If the linker chooses the copy that was compiled with AVX then your code will crash on machines that don’t support AVX! This includes older CPUs that don’t support the AVX instruction set, older operating systems that don’t support AVX, or computers that have had AVX support disabled (on Windows you can do this with “bcdedit /set xsavedisable 1” and doing this used to be the recommended way of working around an old Windows 7 bug). In short, your program will crash for some customers.
Oops.
I created a sample project that demonstrates this. While the issue can happen in fully optimized LTCG builds (and indeed it did happen recently to Chrome) it is easier to demonstrate in a debug build. My test project contains two source files which both call floorf, one of which is compiled with /arch:AVX. The build.bat file compiles both and links them twice, once with the AVX file first and once with the AVX file last. Then it disassembles the floorf function in both executables to demonstrate that it varies. Here are the results when the AVX source file is linked last:
avx_last!floorf:
push ebp
mov ebp,esp
push ecx
cvtss2sd xmm0,dword ptr [ebp+8]
sub esp,8
movsd mmword ptr [esp],xmm0
call avx_last!floor (001b3b60)
add esp,8
fstp dword ptr [ebp-4]
fld dword ptr [ebp-4]
mov esp,ebp
pop ebp
ret
And here are the results when the AVX source file is linked first:
avx_first!floorf:
push ebp
mov ebp,esp
push ecx
vcvtss2sd xmm0,xmm0,dword ptr [ebp+8]
sub esp,8
vmovsd qword ptr [esp],xmm0
call avx_first!floor (00bb3b60)
add esp,8
fstp dword ptr [ebp-4]
fld dword ptr [ebp-4]
mov esp,ebp
pop ebp
ret
The difference is subtle but important – instead of cvtss2sd the second version uses vcvtss2sd – the AVX variant of this instruction. In both cases the same floorf function will be called by both the AVX and non-AVX functions.

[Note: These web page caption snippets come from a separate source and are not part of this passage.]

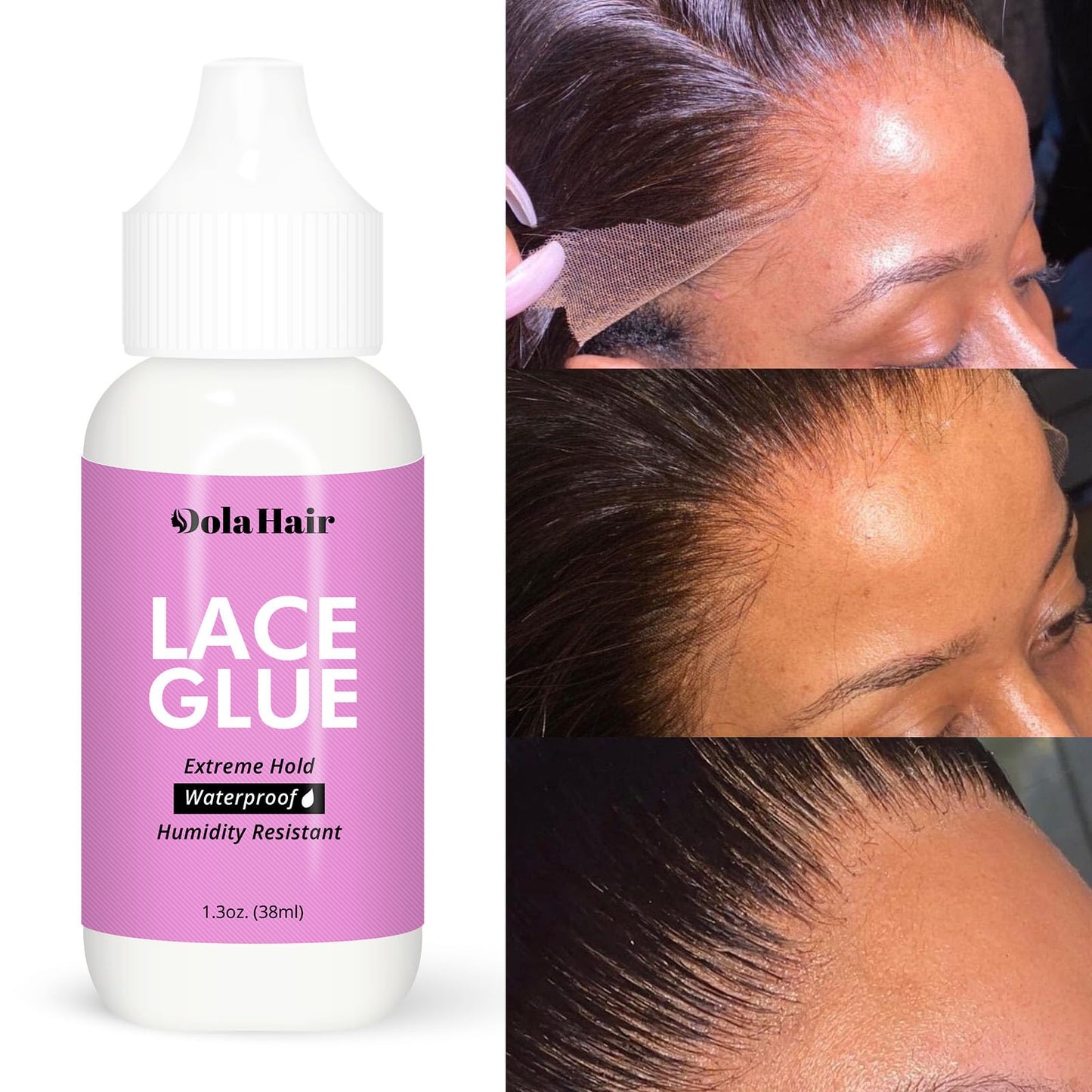 Dolahair Lace Glue for Wigs, Wig Glue for Front Lace Wig Waterproof Super Hold Hair Glue for Weave, Invisible Hair Bonding Glue Extreme Hold for Hair Systems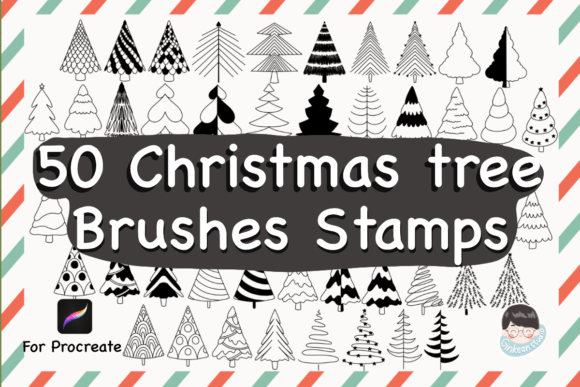Download 50 Christmas Tree Procreate Brush Stamps - Procreate brush stamp Collection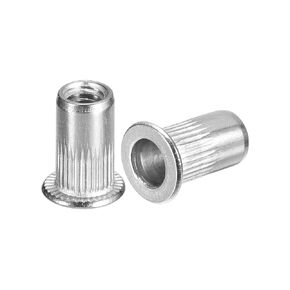 uxcell #10-32 Rivet Nuts, 100pcs 304 Stainless Steel Knurled Flat Head Threaded Insert Nuts for Metal, Plastic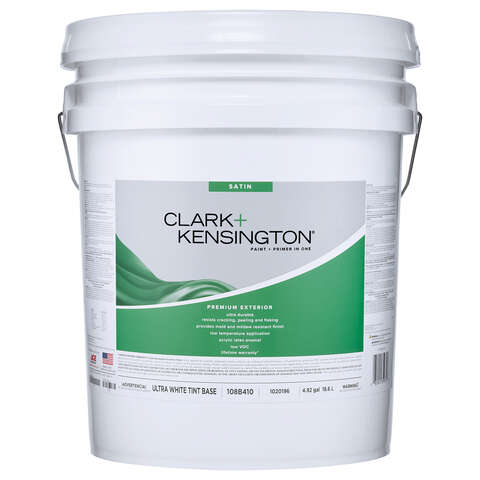 Clark+Kensington Satin Tint Base Ultra White Base Premium Paint Exterior 5 gal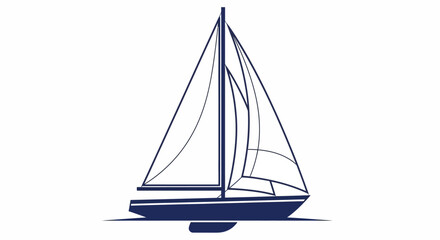 Sailboat Illustration with White Sails and Blue Hull. © Puput_Kinasih
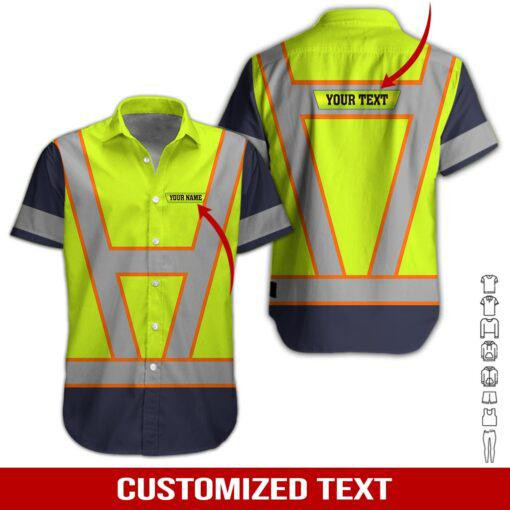 Green Workwear Style Personalized Hawaiian Shirt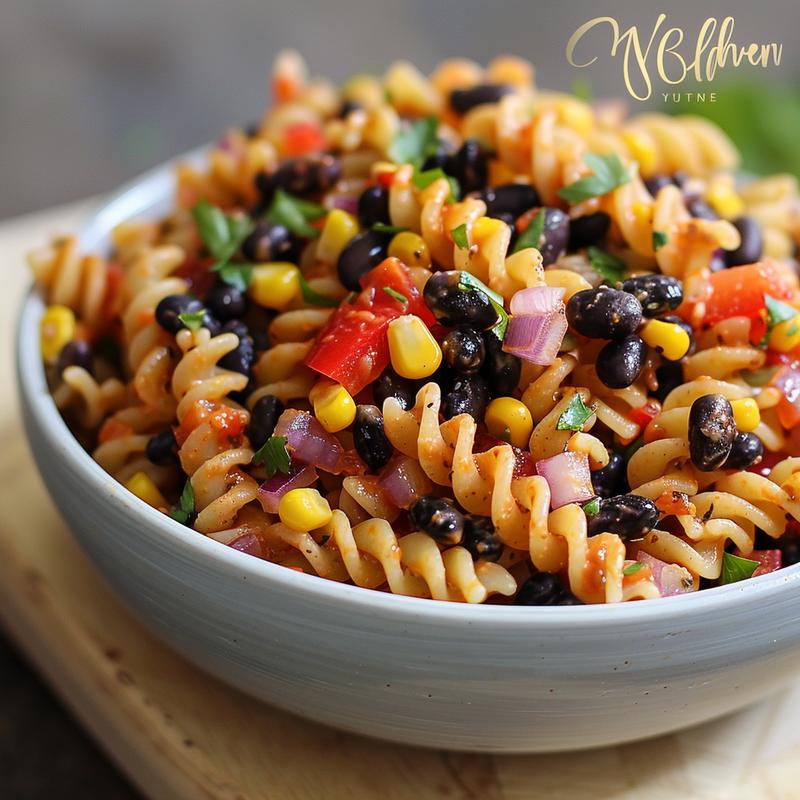 Close-up of southwest black-bean pasta salad with rotini, corn, bell pepper, and red onion on wood.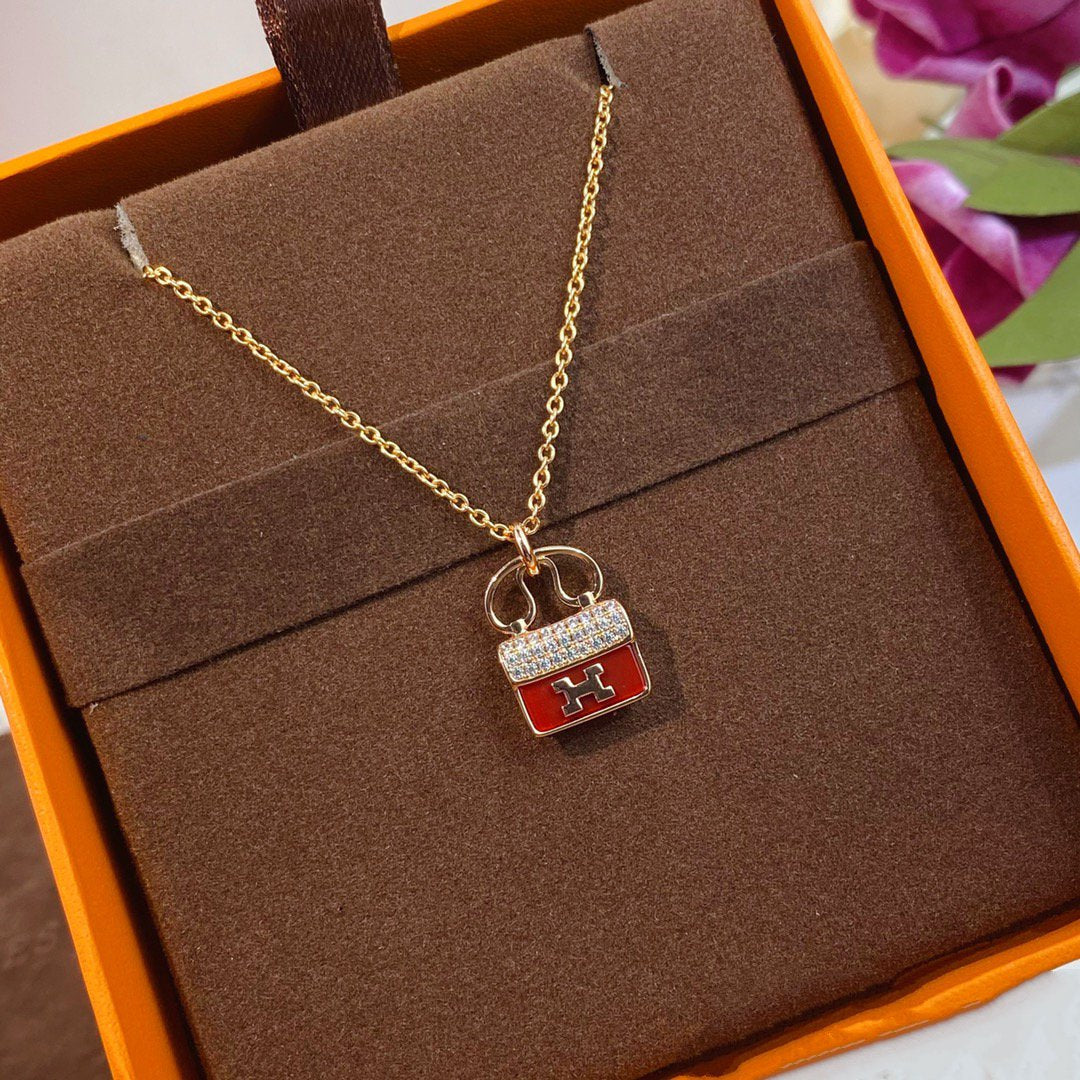 [CharmAmor]CONSTANCE RED PEDANT PINK GOLD NECKLACE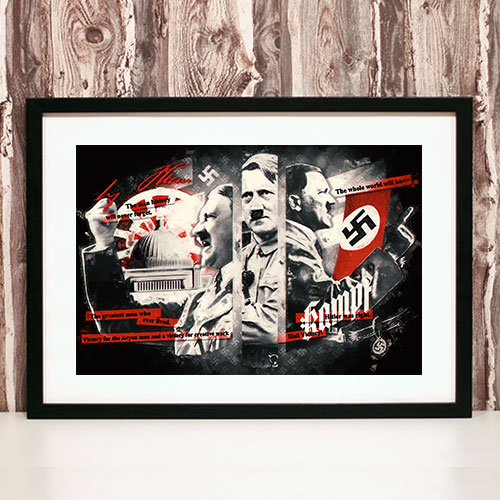 The Greatest Man Who Ever Lived Nazi Propaganda Artwork Framed Poster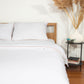 Classic Percale Duvet Cover- White with Peach Piped Edge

Now the problem is clear – but what is the solution?
Careful link ordering
If you are careful to link the AVX files last then the compiler should grab the non-AVX versions. This seems like a terrible solution to me. It relies on undefined behavior in the linker, it won’t work reliably with code that is in static link libraries, it is probably flaky in the face of LTCG, and it guarantees that your AVX code will be a mixture of SSE and AVX code that then runs slower than it should.
__forceinline
If you mark all of the relevant functions as __forceinline then the compiler is more likely to inline the functions. Your debug builds will probably still be broken, but maybe that’s okay. However even __forceinline doesn’t guarantee inlining (some functions cannot be inlined) and it feels a bit sketchy to use __forceinline for correctness.
Namespaces
If you include all of the inline function definitions from an anonymous namespace or AVX-specific namespace then the functions are no longer considered the same and the linker will not collapse them. This technique has the advantage of actually guaranteeing correctness. You can either use an anonymous namespace or an AVX specific namespace. Using an AVX specific namespace is probably a better idea because it avoids the risk of ending up with multiple copies of functions that aren’t inlined – one per translation unit. The problem with this solution is that many header files don’t like being added to an unexpected namespace – C/C++ standard headers are particularly unlikely to tolerate this.
static
Marking all of your inline functions as static works similarly to using an anonymous namespace. This means that it comes with the risk of getting multiple copies of non-inlined inline functions. However most linkers can automatically discard duplicate functions if the code bytes are identical – the /OPT:ICF option in the Visual C++ linker does this. Using static also guarantees correctness, as long as you tag every inline function in this manner.
math.h
But what about system header files such as math.h? This is the file that I used in my example and it is the one that has twice caused problems for Google’s Chrome web browser. The current VC++ version of this file includes 49 __inline functions, including floorf which is our culprit today. Well, when there aren’t any elegant solutions you have to go with inelegant. The solution that Chrome went with when we hit this problem was essentially:
#define __inline static __inline
#include <math.h>
#undef __inline
Look, we’re not proud of this solution, but it works. The ideal solution would be for Microsoft to modify math.h – and other header files – to mark inline functions as static. This is what gcc does. Otherwise /arch:AVX cannot be used safely without extraordinary measures. I’ve filed a bug to request this.
A separate DLL
There actually is one way to use /arch:AVX without gross hackery and that is to put all of the AVX code into a separate DLL, compiled entirely with /arch:AVX. Whether this works for you depends on your build system and method of distribution.
Toolchain fixes
Having VC++ tag the inline functions that it ships with static, like gcc/clang do, would avoid the specific problem of floorf and friends. But what about template functions such as std::min, or inline functions written by random developers. A toolchain fix that defuse this landmine once and for all would be much better. A tempting option was suggested on twitter. If all non-inlined inline functions had their name mangling altered to include a /arch: prefix then this problem would be resolved. My test binary would end up with _floorf and _floorf:avx and the linker would trivially resolve the correct functions. The programmer’s intent would be preserved, without the linker inefficiencies of marking every inline function as static (which isn’t even possible for template member functions).
Insert credits here
This problem was previously encountered a while ago by some other developers who use Chromium. They reported their internal bug here, and filed a VC++ bug here. They also contacted me to share their findings, which I appreciate.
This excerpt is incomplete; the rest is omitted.